▶ **What the exercise asks**
Among the entries below, find the line with "Eagle Creek Packsäcke-- Pack-It" and the line with "Fig. 74 - Chemically". Return exactly those lines and every line between them, but no pictures.

▶ **Supplied material**
◇ ◇ ◇ ◇ ◇ ◇ ◇

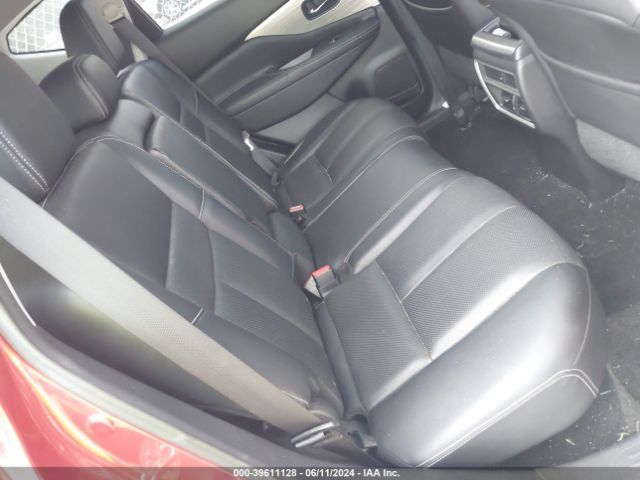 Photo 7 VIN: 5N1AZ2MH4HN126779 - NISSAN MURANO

◇ ◇ ◇ ◇ ◇ ◇ ◇

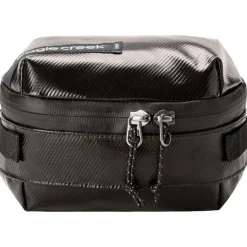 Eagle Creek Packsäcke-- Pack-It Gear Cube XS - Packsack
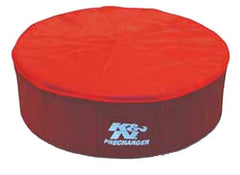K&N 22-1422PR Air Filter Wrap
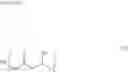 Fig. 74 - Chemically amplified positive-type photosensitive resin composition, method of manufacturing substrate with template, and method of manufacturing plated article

◇ ◇ ◇ ◇ ◇ ◇ ◇

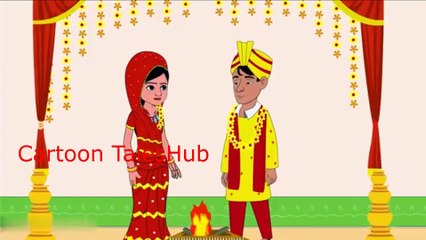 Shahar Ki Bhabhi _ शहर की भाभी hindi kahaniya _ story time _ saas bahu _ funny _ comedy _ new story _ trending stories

◇ ◇ ◇ ◇ ◇ ◇ ◇

▶ **Response below**
 Eagle Creek Packsäcke-- Pack-It Gear Cube XS - Packsack
K&N 22-1422PR Air Filter Wrap
 Fig. 74 - Chemically amplified positive-type photosensitive resin composition, method of manufacturing substrate with template, and method of manufacturing plated article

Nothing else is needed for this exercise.